First published on 21st October 2025
Transition state (TS) geometries of chemical reactions are key to understanding reaction mechanisms and estimating kinetic properties. Inferring these directly from 2D reaction graphs offers chemists a powerful tool for rapid and accessible reaction analysis. Quantum chemical methods for computing TSs are computationally intensive and often infeasible for larger molecular systems. Recently, deep learning-based diffusion models have shown promise in generating TSs from 2D reaction graphs for single-step reactions. However, framing TS generation as a diffusion process, by design, requires a prohibitively large number of sampling steps during inference. Here we show that modeling TS generation as an optimal transport flow problem, solved via E(3)-equivariant flow matching with geometric tensor networks, achieves over a hundredfold speedup in inference while improving geometric accuracy compared to the state-of-the-art. This breakthrough increase in sampling efficiency and predictive accuracy enables the practical use of deep learning-based TS generators in high-throughput settings for larger and more complex chemical systems. Our method, GoFlow, thus represents a significant methodological advancement in machine learning-based TS generation, bringing it closer to widespread use in computational chemistry workflows.
TSs are high-energy structures that are extremely short-lived and exist only on the order of femtoseconds.3 To better understand chemical reactions, for decades, quantum mechanical calculations have been the only way of accessing TS structures. Density functional theory (DFT) has commonly been used as the method of choice.4 TS search algorithms generally fall into two categories: single-ended methods mostly start from the 3D geometries of the reactants,5 while double-ended methods utilize both reactant and product geometries for determining the TS.6 These quantum chemical methods are, however, computationally highly demanding, for example, using ≈35% of the computational resources of the Swiss National Supercomputing Center in 2017.7 They also suffer from convergence difficulties, often yielding TSs that do not lie on the minimum energy pathway.8
Several reaction datasets containing optimized TS geometries have been developed in recent years.8–13 One notable example is RDB7,9 which builds on the work of Grambow et al.10 In their approach, small organic molecules were sampled as reactants from GDB-7,14 and their optimized geometries were used as starting points for a growing string method and subsequent saddle point optimization to identify TSs. The main aim of such reaction datasets is to enable researchers to develop machine learning (ML) based algorithms for estimating TS geometries and barrier heights. ML algorithms identify patterns from thousands of chemical reactions that are predictive of the TS geometries, and thus avoid running expensive quantum chemical calculations.
Multiple deep learning (DL) based algorithms have been proposed for predicting TS structures.
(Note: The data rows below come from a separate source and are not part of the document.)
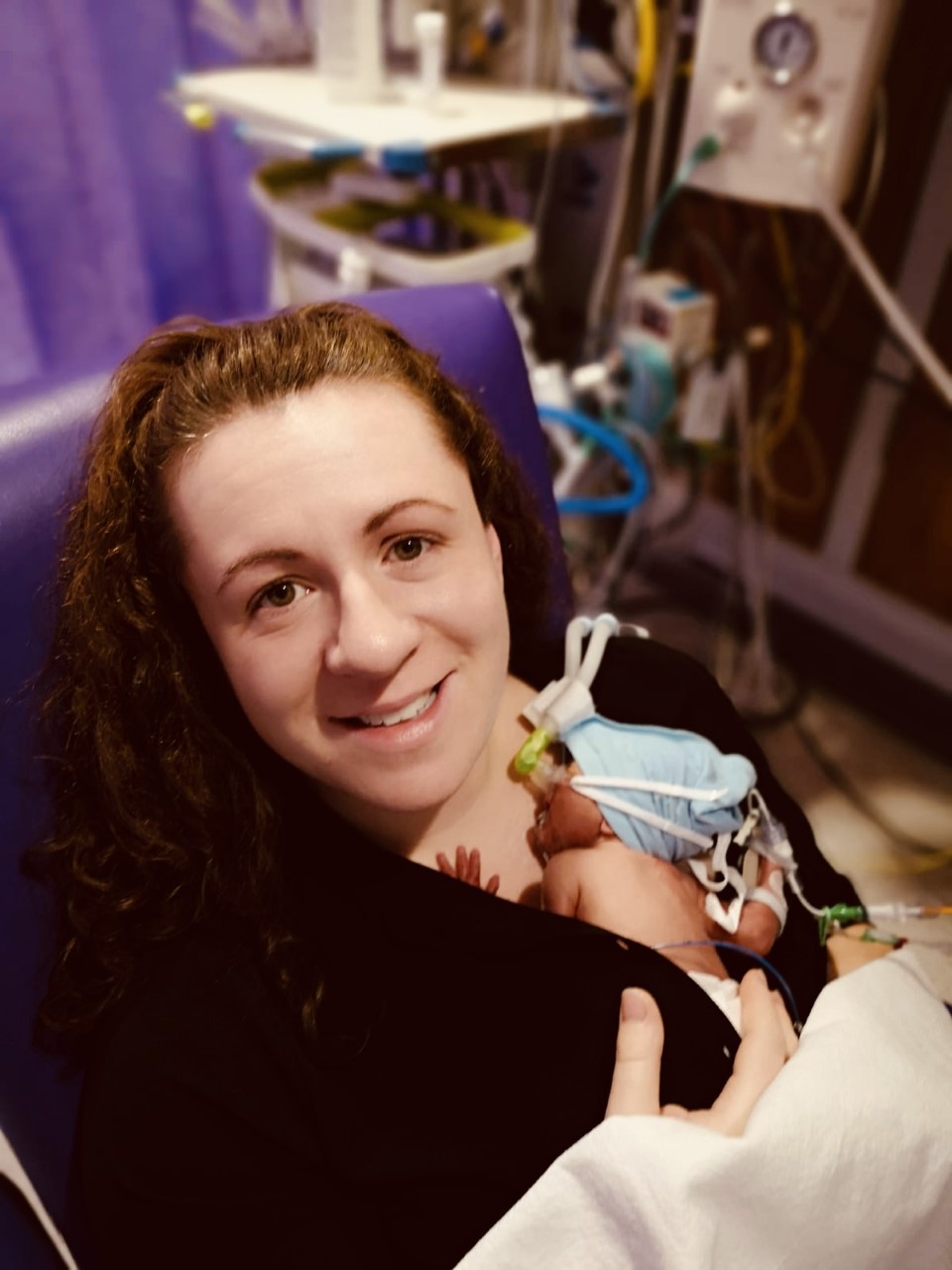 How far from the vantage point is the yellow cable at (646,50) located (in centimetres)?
146

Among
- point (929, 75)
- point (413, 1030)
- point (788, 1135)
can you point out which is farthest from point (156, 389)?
point (929, 75)

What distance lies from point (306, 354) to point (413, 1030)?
50cm

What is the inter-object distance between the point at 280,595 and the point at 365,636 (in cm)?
8

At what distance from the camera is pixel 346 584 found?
66 cm

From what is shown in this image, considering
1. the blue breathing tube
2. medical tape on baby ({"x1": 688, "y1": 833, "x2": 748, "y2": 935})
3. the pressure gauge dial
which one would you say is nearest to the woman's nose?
medical tape on baby ({"x1": 688, "y1": 833, "x2": 748, "y2": 935})

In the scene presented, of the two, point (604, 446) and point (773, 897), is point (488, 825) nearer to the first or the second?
point (773, 897)

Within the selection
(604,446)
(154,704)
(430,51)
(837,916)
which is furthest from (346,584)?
(430,51)

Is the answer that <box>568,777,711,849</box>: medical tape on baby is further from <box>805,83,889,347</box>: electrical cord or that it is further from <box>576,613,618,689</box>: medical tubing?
<box>805,83,889,347</box>: electrical cord

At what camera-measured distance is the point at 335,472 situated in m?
0.65

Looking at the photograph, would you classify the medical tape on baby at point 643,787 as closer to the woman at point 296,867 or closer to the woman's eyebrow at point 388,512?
the woman at point 296,867

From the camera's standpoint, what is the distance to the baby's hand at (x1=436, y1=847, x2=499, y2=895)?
821mm

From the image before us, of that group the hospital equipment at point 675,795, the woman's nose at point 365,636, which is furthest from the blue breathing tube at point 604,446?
the woman's nose at point 365,636

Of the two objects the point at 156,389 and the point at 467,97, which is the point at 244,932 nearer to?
the point at 156,389

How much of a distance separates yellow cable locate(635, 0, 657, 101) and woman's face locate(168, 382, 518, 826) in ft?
3.59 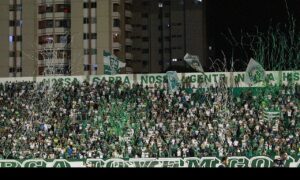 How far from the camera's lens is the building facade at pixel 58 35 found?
2370 inches

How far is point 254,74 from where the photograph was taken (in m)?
31.4

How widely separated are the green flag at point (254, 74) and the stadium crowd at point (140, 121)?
805 millimetres

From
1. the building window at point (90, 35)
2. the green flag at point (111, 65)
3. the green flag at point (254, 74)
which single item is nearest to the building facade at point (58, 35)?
the building window at point (90, 35)

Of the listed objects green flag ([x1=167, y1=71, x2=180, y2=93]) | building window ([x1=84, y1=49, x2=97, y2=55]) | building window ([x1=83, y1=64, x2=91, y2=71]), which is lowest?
green flag ([x1=167, y1=71, x2=180, y2=93])

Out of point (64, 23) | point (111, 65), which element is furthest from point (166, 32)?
point (111, 65)

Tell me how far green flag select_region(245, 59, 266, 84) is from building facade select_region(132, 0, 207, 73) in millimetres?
45910

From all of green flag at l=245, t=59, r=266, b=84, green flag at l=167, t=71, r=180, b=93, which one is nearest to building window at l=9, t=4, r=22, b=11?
green flag at l=167, t=71, r=180, b=93

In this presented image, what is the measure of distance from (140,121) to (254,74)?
769cm

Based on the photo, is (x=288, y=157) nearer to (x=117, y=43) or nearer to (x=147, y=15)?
(x=117, y=43)

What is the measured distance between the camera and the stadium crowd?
82.5 feet

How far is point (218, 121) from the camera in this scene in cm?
2755

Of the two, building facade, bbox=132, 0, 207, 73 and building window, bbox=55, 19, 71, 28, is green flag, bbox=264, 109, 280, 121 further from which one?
building facade, bbox=132, 0, 207, 73

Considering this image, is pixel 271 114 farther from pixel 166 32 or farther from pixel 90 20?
pixel 166 32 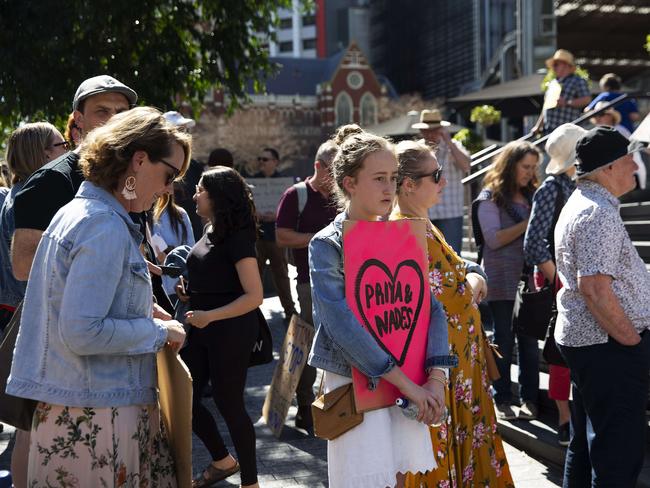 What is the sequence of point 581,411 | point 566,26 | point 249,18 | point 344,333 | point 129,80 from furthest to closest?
point 566,26, point 249,18, point 129,80, point 581,411, point 344,333

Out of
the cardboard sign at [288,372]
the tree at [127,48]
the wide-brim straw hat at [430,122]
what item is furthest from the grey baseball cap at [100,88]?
the tree at [127,48]

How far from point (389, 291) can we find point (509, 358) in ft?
10.4

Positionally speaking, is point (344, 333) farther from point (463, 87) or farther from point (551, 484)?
point (463, 87)

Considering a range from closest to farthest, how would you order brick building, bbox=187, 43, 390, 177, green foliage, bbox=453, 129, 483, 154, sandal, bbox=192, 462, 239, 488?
sandal, bbox=192, 462, 239, 488
green foliage, bbox=453, 129, 483, 154
brick building, bbox=187, 43, 390, 177

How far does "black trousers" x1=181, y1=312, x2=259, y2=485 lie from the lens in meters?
4.47

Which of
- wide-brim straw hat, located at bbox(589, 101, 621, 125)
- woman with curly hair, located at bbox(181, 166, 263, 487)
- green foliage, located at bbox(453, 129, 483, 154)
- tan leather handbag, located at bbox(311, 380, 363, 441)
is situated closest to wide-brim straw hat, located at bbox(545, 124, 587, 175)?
woman with curly hair, located at bbox(181, 166, 263, 487)

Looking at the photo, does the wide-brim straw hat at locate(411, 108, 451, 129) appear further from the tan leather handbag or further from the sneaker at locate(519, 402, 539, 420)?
the tan leather handbag

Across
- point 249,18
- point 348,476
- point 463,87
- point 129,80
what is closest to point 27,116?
point 129,80

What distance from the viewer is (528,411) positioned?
5.85 metres

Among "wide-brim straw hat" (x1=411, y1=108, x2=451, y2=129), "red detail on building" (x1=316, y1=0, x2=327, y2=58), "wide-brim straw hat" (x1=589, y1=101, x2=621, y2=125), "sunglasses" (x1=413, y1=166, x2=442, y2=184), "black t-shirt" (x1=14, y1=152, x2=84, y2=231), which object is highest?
"red detail on building" (x1=316, y1=0, x2=327, y2=58)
Some of them rely on the 3D geometry of the reactant and product as input, in addition to the 2D graphs,15,16 while others take only the 2D graph as input.17,18 Generating 3D geometries of reactants and products can be computationally costly, with current studies relying on external quantum chemistry calculations that provide relaxed 3D coordinates.15,16,19 Furthermore, current methods perform post-processing using quantum chemical methods on the generated TS structures.15,17,18 In both cases, high-throughput applications cannot rely on these expensive calculations.
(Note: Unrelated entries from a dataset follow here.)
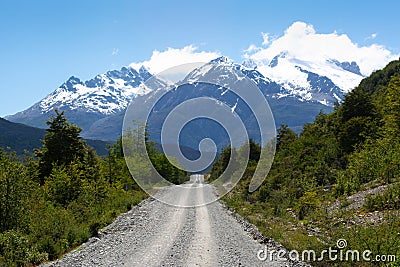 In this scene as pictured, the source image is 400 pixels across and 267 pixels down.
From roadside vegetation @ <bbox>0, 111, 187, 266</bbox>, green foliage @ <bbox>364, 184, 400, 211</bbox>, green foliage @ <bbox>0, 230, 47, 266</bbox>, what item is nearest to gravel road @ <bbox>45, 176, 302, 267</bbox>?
green foliage @ <bbox>0, 230, 47, 266</bbox>

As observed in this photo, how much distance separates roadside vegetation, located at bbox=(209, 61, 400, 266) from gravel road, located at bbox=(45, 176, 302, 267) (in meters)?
1.42

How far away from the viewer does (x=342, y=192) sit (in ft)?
73.6

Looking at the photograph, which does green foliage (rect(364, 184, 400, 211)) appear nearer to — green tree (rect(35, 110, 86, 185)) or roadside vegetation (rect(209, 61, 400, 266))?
roadside vegetation (rect(209, 61, 400, 266))

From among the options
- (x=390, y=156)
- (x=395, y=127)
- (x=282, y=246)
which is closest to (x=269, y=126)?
(x=282, y=246)

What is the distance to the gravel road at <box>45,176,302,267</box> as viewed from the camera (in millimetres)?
12500

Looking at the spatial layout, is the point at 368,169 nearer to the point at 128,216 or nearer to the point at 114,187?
the point at 128,216

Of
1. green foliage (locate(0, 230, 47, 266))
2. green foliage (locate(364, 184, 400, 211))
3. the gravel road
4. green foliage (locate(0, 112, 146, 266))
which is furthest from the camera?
green foliage (locate(364, 184, 400, 211))

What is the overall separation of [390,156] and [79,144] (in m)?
26.7

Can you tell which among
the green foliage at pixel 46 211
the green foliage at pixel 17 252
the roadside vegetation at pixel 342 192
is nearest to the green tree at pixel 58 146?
the green foliage at pixel 46 211

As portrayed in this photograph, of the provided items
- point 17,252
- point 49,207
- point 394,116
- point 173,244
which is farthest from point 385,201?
point 49,207

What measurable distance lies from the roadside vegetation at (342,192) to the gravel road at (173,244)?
142 cm

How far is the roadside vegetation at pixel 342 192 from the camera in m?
11.9

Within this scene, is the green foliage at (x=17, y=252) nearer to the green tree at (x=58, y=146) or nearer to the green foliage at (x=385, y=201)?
the green foliage at (x=385, y=201)

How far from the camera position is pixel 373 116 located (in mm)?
35531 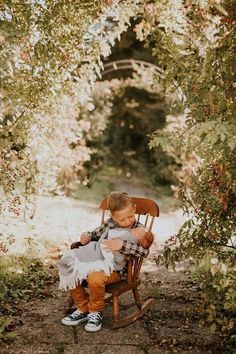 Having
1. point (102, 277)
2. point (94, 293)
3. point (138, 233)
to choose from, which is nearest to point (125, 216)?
point (138, 233)

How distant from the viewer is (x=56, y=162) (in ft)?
27.1

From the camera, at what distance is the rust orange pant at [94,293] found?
13.5ft

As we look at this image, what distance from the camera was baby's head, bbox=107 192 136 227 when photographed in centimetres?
432

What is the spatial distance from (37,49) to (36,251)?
107 inches

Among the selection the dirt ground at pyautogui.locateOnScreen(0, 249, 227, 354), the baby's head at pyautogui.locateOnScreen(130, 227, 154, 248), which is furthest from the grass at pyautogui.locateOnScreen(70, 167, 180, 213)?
the baby's head at pyautogui.locateOnScreen(130, 227, 154, 248)

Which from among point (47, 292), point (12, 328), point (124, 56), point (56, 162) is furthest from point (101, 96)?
point (12, 328)

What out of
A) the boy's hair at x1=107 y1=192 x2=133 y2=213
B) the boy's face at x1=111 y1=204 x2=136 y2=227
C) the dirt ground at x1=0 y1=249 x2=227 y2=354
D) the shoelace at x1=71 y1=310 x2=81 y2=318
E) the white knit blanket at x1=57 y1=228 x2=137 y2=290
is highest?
the boy's hair at x1=107 y1=192 x2=133 y2=213

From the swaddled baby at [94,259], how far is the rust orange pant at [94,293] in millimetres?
63

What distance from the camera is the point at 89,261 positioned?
168 inches

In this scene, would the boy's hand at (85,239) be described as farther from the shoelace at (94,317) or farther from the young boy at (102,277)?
the shoelace at (94,317)

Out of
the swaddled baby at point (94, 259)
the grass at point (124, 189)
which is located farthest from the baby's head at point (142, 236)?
the grass at point (124, 189)

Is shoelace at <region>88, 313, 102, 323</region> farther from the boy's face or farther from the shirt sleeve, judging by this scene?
the boy's face

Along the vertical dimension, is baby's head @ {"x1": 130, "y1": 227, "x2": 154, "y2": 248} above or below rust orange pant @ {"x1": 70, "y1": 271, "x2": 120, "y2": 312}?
above

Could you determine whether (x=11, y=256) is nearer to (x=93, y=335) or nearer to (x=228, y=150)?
(x=93, y=335) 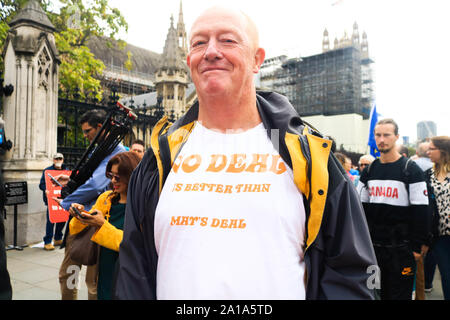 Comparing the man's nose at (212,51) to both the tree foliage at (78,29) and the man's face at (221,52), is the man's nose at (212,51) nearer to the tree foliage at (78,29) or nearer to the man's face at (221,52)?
the man's face at (221,52)

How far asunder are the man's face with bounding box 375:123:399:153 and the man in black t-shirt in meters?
0.01

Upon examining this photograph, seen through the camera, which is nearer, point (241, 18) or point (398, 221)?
point (241, 18)

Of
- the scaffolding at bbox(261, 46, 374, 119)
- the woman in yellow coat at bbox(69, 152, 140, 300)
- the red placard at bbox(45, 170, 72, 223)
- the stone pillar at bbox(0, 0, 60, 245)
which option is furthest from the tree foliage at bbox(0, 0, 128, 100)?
the scaffolding at bbox(261, 46, 374, 119)

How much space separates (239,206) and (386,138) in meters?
2.89

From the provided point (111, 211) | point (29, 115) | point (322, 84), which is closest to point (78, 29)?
point (29, 115)

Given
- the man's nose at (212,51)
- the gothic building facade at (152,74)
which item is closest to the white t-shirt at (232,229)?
the man's nose at (212,51)

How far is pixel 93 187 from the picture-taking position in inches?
130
Kim et al.18 recently introduced TsDiff, the current state-of-the-art (SOTA) approach for generative modeling of TS geometries leveraging only the 2D reaction graph as input, encoded as a condensed graph of reaction.20 TsDiff relies on diffusion modeling21 of the distribution of possible TS geometries with an E(3)-invariant, distance-based graph neural network (GNN) as encoder.18 While achieving remarkable results, framing the problem as a diffusion process requires a large number of denoising steps during inference. TsDiff in particular uses annealed Langevin dynamics for inference, requiring 5000 sampling steps per reaction, considerably slowing down inference. Duan et al.16 have recently shown improved TS prediction performance on the Transition1X (T1X) dataset12 using a deterministic optimal transport based model that, given a TS structure guess, produces a single TS prediction. However, deterministic methods require knowledge of the reactant and product geometries, which correspond to a particular TS, which we do not assume.
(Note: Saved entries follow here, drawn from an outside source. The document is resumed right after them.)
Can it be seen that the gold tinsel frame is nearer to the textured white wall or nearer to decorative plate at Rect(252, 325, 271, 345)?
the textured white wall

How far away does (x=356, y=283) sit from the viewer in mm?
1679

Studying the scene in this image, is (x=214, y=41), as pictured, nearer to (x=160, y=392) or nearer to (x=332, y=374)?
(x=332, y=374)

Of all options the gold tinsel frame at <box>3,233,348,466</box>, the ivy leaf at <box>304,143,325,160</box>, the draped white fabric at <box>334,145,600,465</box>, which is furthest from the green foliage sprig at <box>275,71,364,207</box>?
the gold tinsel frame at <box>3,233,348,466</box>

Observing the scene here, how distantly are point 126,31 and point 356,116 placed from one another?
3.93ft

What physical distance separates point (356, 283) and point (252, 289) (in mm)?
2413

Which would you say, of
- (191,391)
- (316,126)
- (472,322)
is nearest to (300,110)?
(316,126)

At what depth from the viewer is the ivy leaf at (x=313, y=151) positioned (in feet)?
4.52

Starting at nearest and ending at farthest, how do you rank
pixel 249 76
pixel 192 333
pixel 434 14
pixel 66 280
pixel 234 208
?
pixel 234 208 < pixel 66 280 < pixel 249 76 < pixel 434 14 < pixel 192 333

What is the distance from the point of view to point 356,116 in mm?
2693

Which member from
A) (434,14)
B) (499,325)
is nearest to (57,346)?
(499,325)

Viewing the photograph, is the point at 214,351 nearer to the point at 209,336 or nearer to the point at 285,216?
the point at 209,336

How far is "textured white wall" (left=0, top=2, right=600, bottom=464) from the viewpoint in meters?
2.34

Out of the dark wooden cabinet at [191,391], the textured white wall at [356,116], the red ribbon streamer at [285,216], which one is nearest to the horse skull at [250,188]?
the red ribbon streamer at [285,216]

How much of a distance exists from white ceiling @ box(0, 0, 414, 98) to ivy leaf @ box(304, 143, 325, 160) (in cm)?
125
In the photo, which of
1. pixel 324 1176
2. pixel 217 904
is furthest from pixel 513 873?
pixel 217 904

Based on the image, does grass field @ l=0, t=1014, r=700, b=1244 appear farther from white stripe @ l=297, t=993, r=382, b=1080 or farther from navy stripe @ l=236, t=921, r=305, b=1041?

Another important drawback of current deep learning approaches for the generation of TS coordinates arises from overfitting and lack of generalization capabilities. Previous studies found GNNs and, in general, DL-based reaction prediction models to consistently generalize poorly,8,22 or perform significantly worse on several possible out-of-distribution dataset splits,8,19 even though the test reactions shared many common reaction mechanisms with the training reactions.8,23
In this paper, we address the current limitations of efficiency, necessity of additional quantum-mechanical calculations, and missing out-of-distribution generalization ability. Specifically, we frame the TS structure generation problem as an optimal transport flow process with an E(3)-equivariant geometric tensor network24 as graph encoder, taking as input only the 2D reaction graphs. Using a flow matching-based algorithm25 for fitting the velocity field, and the efficiency of geometric tensor networks, increases sampling efficiency during inference by more than a hundredfold, compared to the SOTA. Second, we analyze out-of-distribution generalization capabilities of our generative model using splits based on the clustered reaction cores and the magnitude of the barrier height, in addition to random splitting. Current literature for TS prediction using DL has so far only used random splits.15–18 We demonstrate that our approach, GoFlow, outperforms previous methods in terms of generalization capability. Together with its improved in-distribution performance at a fraction of the cost of current approaches, we establish GoFlow as the new state-of-the-art in generative TS models.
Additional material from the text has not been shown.